# Replacement SHOCKS/STRUTS



## eyesack (Feb 22, 2006)

Hey guys, i was just wondering what are good replacements for shocks/struts and are there any other OEM companies that KYB G2R and MONROE SENSYTRAC??? Also, how are the KYB's compared to OEM? i think my oem's are BLOWN to SHIT. i bottomed out on a bigass bump today and now the ride is so mushy! also, really hard driving don't help much.


----------



## LSUtigerME (Jul 13, 2006)

KYB GR-2 are good for replacement OEM, as are teh Monroe's. They'll handle a mild drop a little better than the OEMs, and aren't too expensive. If you wanted a slight performance upgrade, then SE (for 2.5) or SE-R shocks/struts are a good deal. If you want adjustable performance shocks/struts then www.activetuning.com can get you a custom set of Koni adjustables, but they're pretty pricey.
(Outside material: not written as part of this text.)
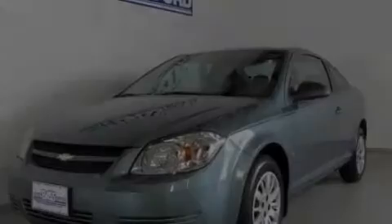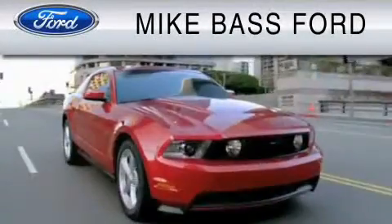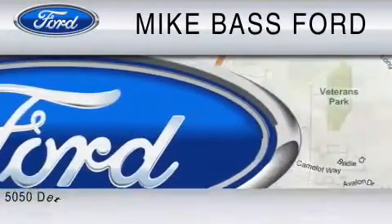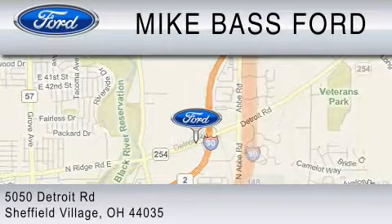Please call today to reserve this vehicle for a test drive. Mike Bass Ford is dedicated to do everything possible to ensure that the experience you have selecting your vehicle is as pleasant as possible. We are located at 5050 Detroit Road in Sheffield Village.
If you car is bouncy, then your shocks/struts are shot. If you can push the car down, and it rebounds more than twice then you should replace them.


----------



## eyesack (Feb 22, 2006)

ah; so the se-r struts/shocks will fit??? What about the nismo setup that says ONLY 3.5? will that fit?


----------



## LSUtigerME (Jul 13, 2006)

Yeah, it's all interchangeable. The struts/shocks all have the same mounting points, just the dampening is different. The NISMO setup will work just fine, but the spring rates from 2.5 to 3.5 are different. But, from people who have it on a 2.5, it doesn't make a difference in the drop. So, it works just fine on the 2.5.


----------



## eyesack (Feb 22, 2006)

ah sorry about the late reply; haven't been on the forums in a while. What have you heard about the overall ride quality of the NISMO setup on 2.5's?


----------



## tsr0003 (May 8, 2004)

I wouldn't recommend going w/ the SE-R struts. I put them on before the KYB's came out and I was bottoming out bad. I do have the pro-kit from Eibach so that made some difference. After putting th KYB's on no bottoming out.


----------



## LSUtigerME (Jul 13, 2006)

I have a pro-kit on 2.5 and on 3.5 shocks/struts and have had no problems with bottoming out.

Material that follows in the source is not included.